Less than two weeks after being notified of the Thomas/Lane contract, Bramble sought to exercise its right of first refusal by executing and delivering an agreement of sale to the Lanes. Bramble’s offer matched the terms of the Thomas/Lane contract, but it did not contain the “no mining” prohibition. In early February 2004, the Lanes and Thomases amended their contract to increase the purchase price to $120,000 and to change the closing date. Bramble declined the request by the Lanes to match the revised terms. The Lanes then asserted that Bramble’s offer was actually a counteroffer and constituted an ineffective exercise of its right of first refusal because the offer failed to match all of the terms, including the mining prohibition.
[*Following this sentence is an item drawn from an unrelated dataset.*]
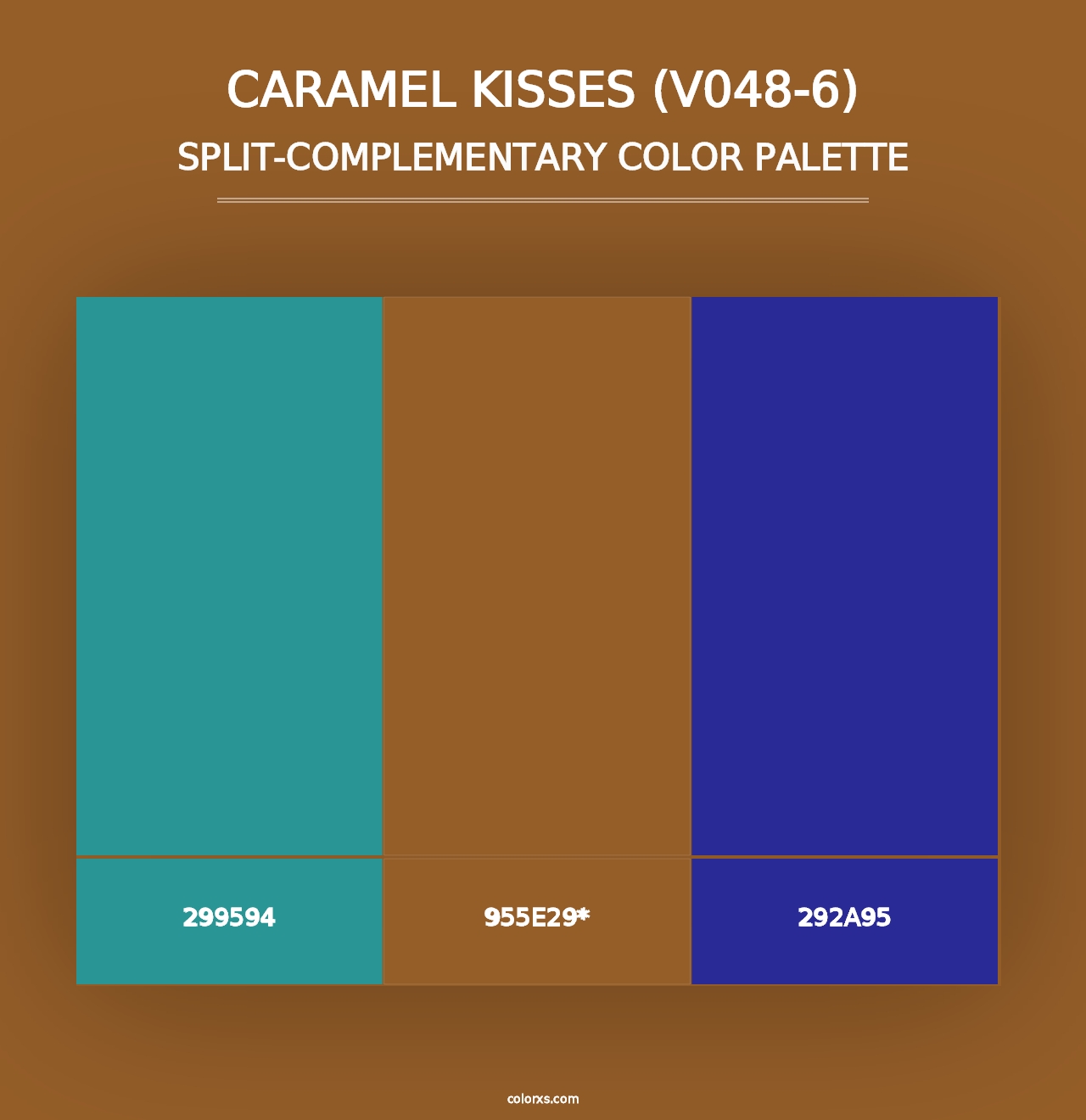 Caramel Kisses (V048-6) - Split-Complementary Color Palette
In light of this brewing controversy, Bramble revised his offer to include the mining prohibition but kept the sales price at $105,000. Bramble tendered this offer 44 days after it was first notified of the Lanes’ initial acceptance of the offer by the Thomases. The Lanes then decided not to sell the property to either the Thomases or Bramble. The Thomases then brought a multi-count declaratory judgment action against the Lanes and Bramble. The Lanes and the Thomases filed motions for summary judgment. In February 2005, the trial court ruled that the right of first refusal did not violate the rule against perpetuities but that Bramble’s purported exercise of the right of first refusal was ineffectual because Bramble’s first offer failed to contain the material term dealing with the mining prohibition. The court thus granted Lanes’ motion for summary judgment on this issue, whereupon Bramble filed an appeal.

The Bramble court held that a genuine issue of material fact existed as to whether the Lanes and the Thomases, or either of them, exercised bad faith in inserting the mining prohibition into the original offer as a “poison pill” to dissuade or frustrate Bramble from exercising its preemptive right. The Bramble court pointed to the duty of the property owner and third-party purchaser to act in good faith. As a result, the court imposed a duty of good faith and fair dealing on the property owner and the third-party purchaser as striking the “proper balance.”

Based on the record, the court concluded that summary judgment was inappropriate to resolve the rights of the parties because there was “evidence in the record, if believed, that the Lanes and/or the Thomases inserted the prohibition on mining as a ‘poison pill’ . . . to discourage Bramble from exercising its right of first refusal.” Bramble was mining land adjacent to the property and intended to use the property for mining. The mining prohibition would defeat Bramble’s desire to buy the property, thereby frustrating Bramble’s bargained-for equitable interest in the property.

Determining Bad Faith

The Bramble court discussed whether a grantor or third-party purchaser may take steps to modify a nonprice term in the triggering offer so as to dissuade the preemptioner from exercising its right of first refusal. If so, these parties would then have the burden of demonstrating that they did not act in bad faith but rather had “reasonable justification” for modifying a nonprice term in the triggering offer to the disadvantage of the preemptioner. Prince, 649 P.2d at 825 (grantor must have a “reasonable justification” for its action when the preemptioner claims that the grantor acted in bad faith).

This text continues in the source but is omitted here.